Still in obvious discomfort from the two chest wounds that almost ended his life, the Nobel Peace Prize laureate later insisted he had been misquoted. But he did not retreat from his claim that individuals in Indonesia were involved in the plot.

Acting on information supplied by the Dili prosecutor’s office, Indonesian police have so far detained four former soldiers from Timor Leste who fled into West Timor in the aftermath of the assassination attempt.

Mr Ramos-Horta, however, seemed more interested in the implications of Reinado’s movements in Indonesia last May, two months after mutinous troops loyal to the rebel leader triggered the worst disturbances in Dili since 1999.

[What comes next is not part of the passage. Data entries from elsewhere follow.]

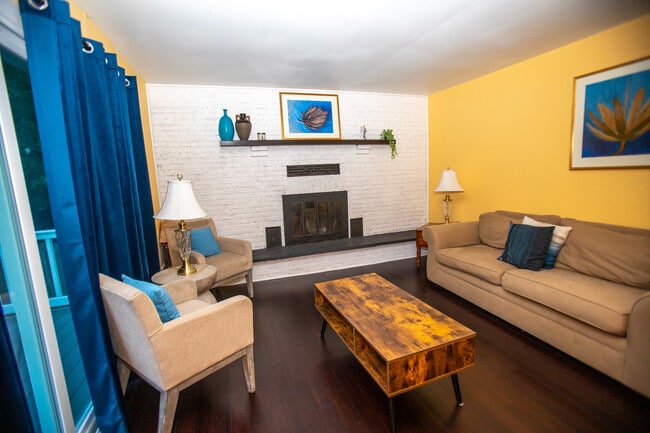 Photo - 107 Navaho Ct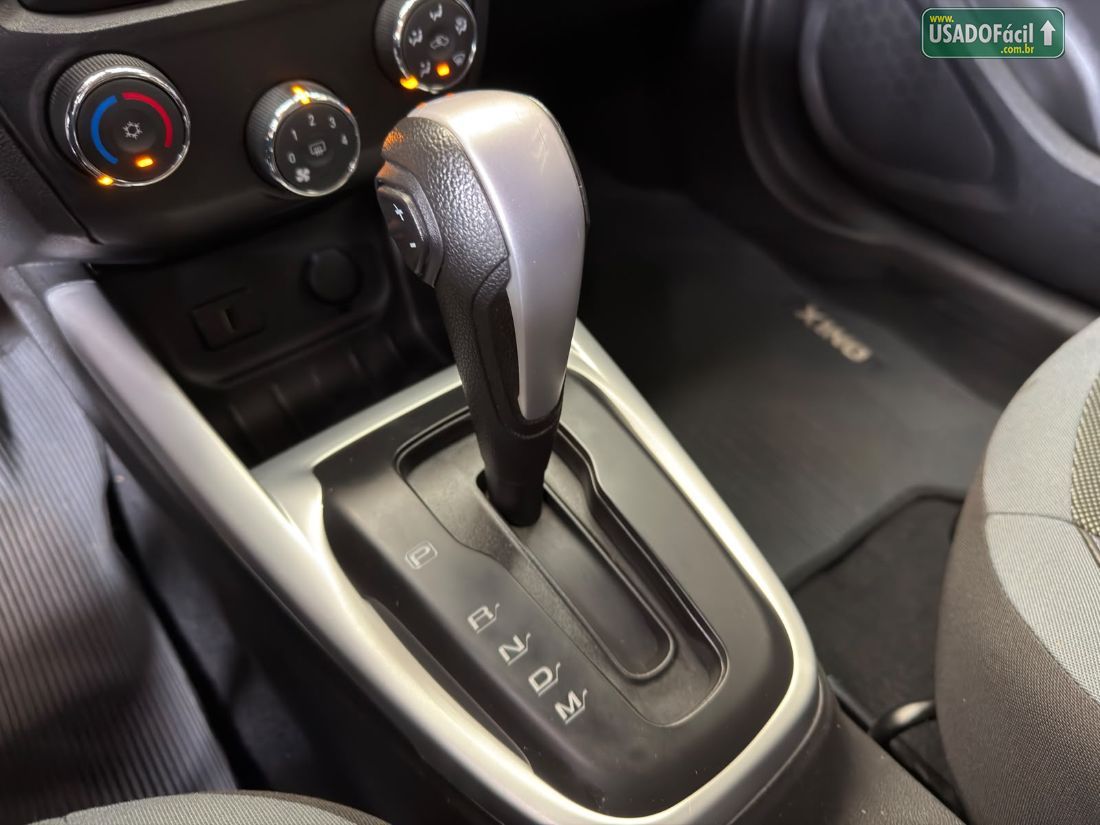 CHEVROLET/GM Onix Hatch Activ 1.4 Automático Flex 2019/2019 — foto 11 de 19
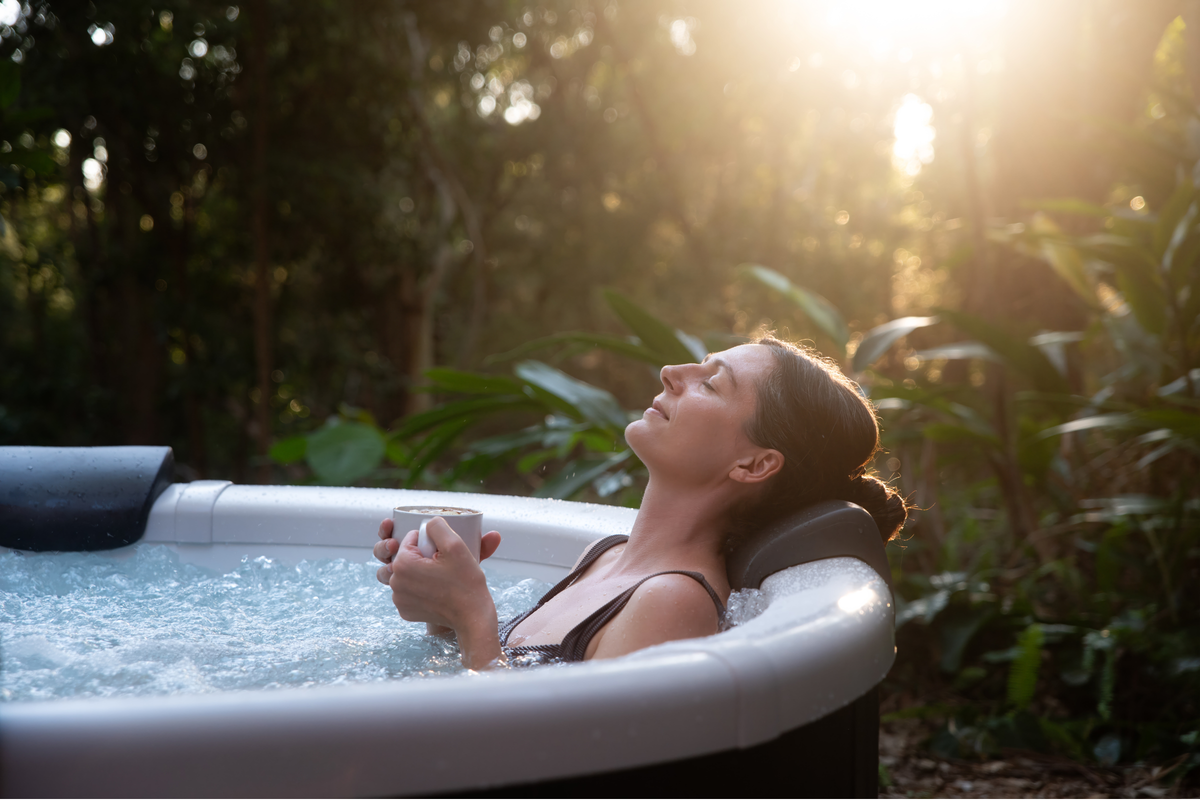 MSpa Denver Frame Series 6-Person Hot Tub & Spa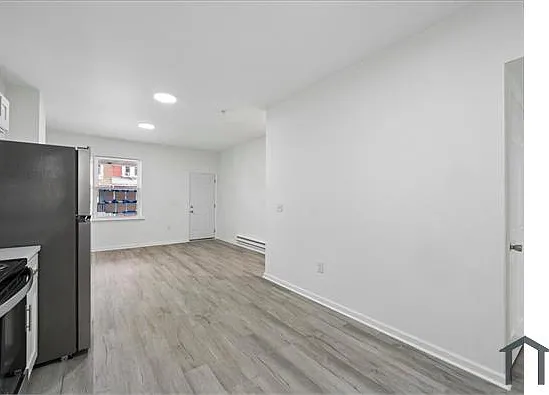 5026 Aspen St — Photo 9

The Timor Leste President wanted to know what help Reinardo had received in crossing the border without proper papers and making his way to Jakarta for a studio interview.

Equally curious has been the role of Hercules Rozario Marcal, a one-armed Timor-born gang leader with close ties to at least one retired senior intelligence officer and other individuals in the Indonesian military.

Reinado, Hercules and militia leader Eurico Guterres, recently cleared of human rights violations in the 1999 rampage, all served as porters for Indonesian special forces in the 1980s during Jakarta’s 25-year occupation of the former Portuguese colony.

Complicating the picture is the fact that only three weeks before the Ramos-Horta shooting, Mr Gusmao had received Hercules and a delegation of Indonesian businessmen who supposedly wanted to invest in a five-star hotel and an upscale housing development.

Mr Ramos-Horta muddied the waters himself by linking well-known presenter Desi Anwar with Reinado’s interview, when it actually aired on Kick Andi, a twice-weekly evening show hosted by Metro TV chief editor Andy Noya.

Ms Anwar, who hardly looks the part of a Mata Hari, was incensed that Mr Ramos-Horta seemed to be implying she had a hand in the assassination conspiracy. ‘If he can’t get even the most basic information correct, then perhaps everything he is being fed is bogus,’ she said.

Good point. Except that no one at Metro wanted to address the more cogent question of where the Reinado interview took place. The station’s public relations manager wasn’t saying and Mr Noya himself was honouring a promise to keep the information confidential.

Sporting newly dyed red hair, which kicked off a fashion trend among his supporters in Dili, Reinado was interviewed for the programme against a black cloth background in a supposed ‘secret location’. Hercules appeared on the same show several days later.

Spokesman Djalal could shed no light on the location, but he did have one observation: ‘These (TV) guys are quite resourceful. It was all very hush-hush and when the programme was aired, he (Reinado) had already gone.’

The whole episode raises questions about the shadowy figures, some of them self-appointed guardians of the unitary state, who still haunt Indonesian politics. As one retired Indonesian general put it: ‘There will always be elements fighting for their interests in the context of 1999.’

Similar suspicions attend the long-stuttering investigation into the bizarre 2004 murder of Indonesian human rights campaigner Munir Said Thalib, and widespread fears of agitation in Aceh where independence conspiracy theories abound ahead of the 2009 elections.

It is still unclear what the Truth and Reconciliation Commission has come up with in its findings and how the two governments will act on its non-binding recommendations. But The Straits Times has learnt that both sides did reach a consensus without resorting to a vote.

In the end, the report is likely to be viewed with scepticism by the United Nations and Western governments, given the widely held perception that Timor Leste has little choice but to appease its giant neighbour.

The Indonesian Supreme Court’s recent acquittal of Guterres, the only person convicted for his role in the 1999 violence, has only served to underline the fact that Indonesia continues to see itself as much an aggrieved party as Timor Leste.